By coincidence, my last version of SPSS was also 12. So I don't like
to criticise it in its current form. I agree the output format is
pretty, but I never once imported a SPSS table into a Word document
that was "ready for publication". I always constructed my tables in
Word itself. So, I'm not convinced that that aspect of it is a great
advantage.
Welcome to the list. I hope you have great pleasure with Stata.
Cheers
Joseph
On Mon, Aug 2, 2010 at 9:34 AM, Yves Therriault < [hidden email]> wrote:
> Dear Stata users,
>
> I've been using SPSS for 20 years. For the time being, I still use a
> six years old version of SPSS (12.01). For many reasons, I told my
> organisation that I would rather purchasing one licence of Stata
> instead of upgrading to the newest release of SPSS (18.0).
>
> A few months ago, I've asked former SPSS users to write about their
> experience with Stata. Generally, people who have decided to switch
> from SPSS to Stata aren't looking back.
>
> In order to learn the basics of Stata more easily when the software is
> installed on my computer, I bought 3 introductory books : A Gentle
> Introduction to Stata ; An Introduction to Stata for Health
> Researchers and, finally Data Analysis Using Stata.
>
> I'm interested to hear from those who made the switch to Stata and
> particularly about the lurning curve regarding the management of Stata
> output.
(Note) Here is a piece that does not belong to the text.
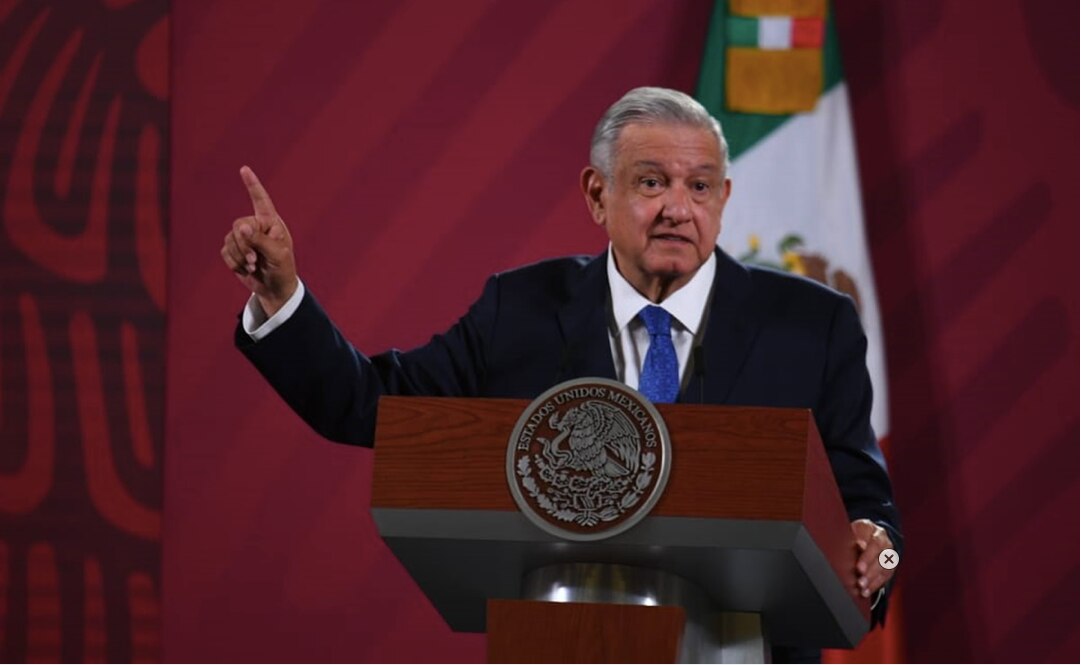 En automático, empresas extranjeras obtendrán registro para vender medicamentos en México: AMLO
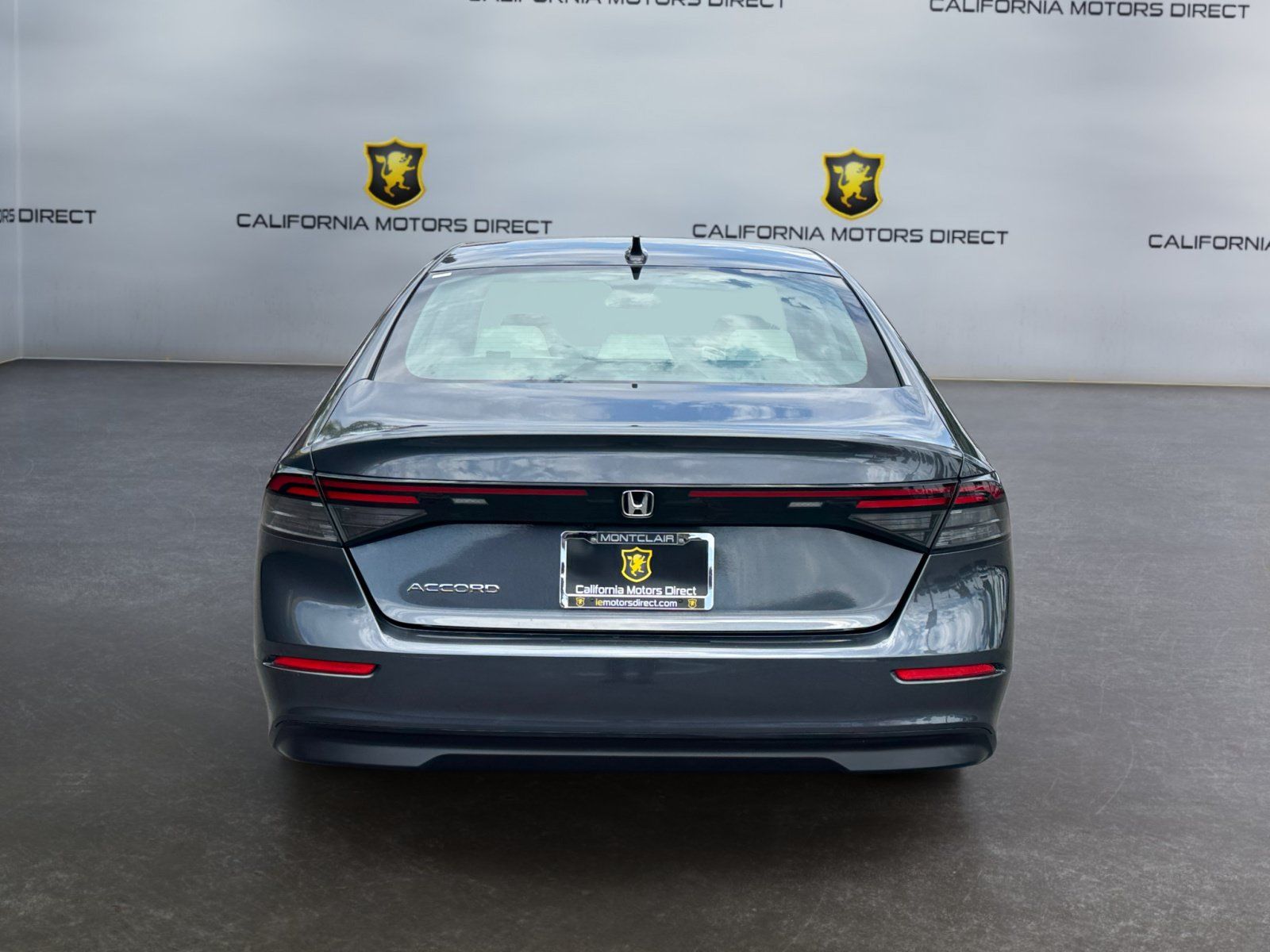 Used 2023 Honda Accord LX image 4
Generally, Stata seems to be far more superior to SPSS in many
> ways. But, in my humble opinion, Stata is currently far behind SPSS
> concerning how it displays its output. I'm aware that a lot of
> routines have been written by Stata users to customize outputs though.
>
> Just in case Stata programmers were monitoring this list, I would be
> very pleased if the company decided to "improve" the output display in
> a future release. Perhaps, another possible feature would gave the
> user the choice between a "standard" Stata output and a Spsslike
> output.
>
> Of course, I don't intent to start a controversy here. Maybe I'm just
> an "old SPSS user" who is a little bit afraid to have to learn a new
> syntax ! :  )
>
> Finally, I just want tell you all how much I appreciate this list.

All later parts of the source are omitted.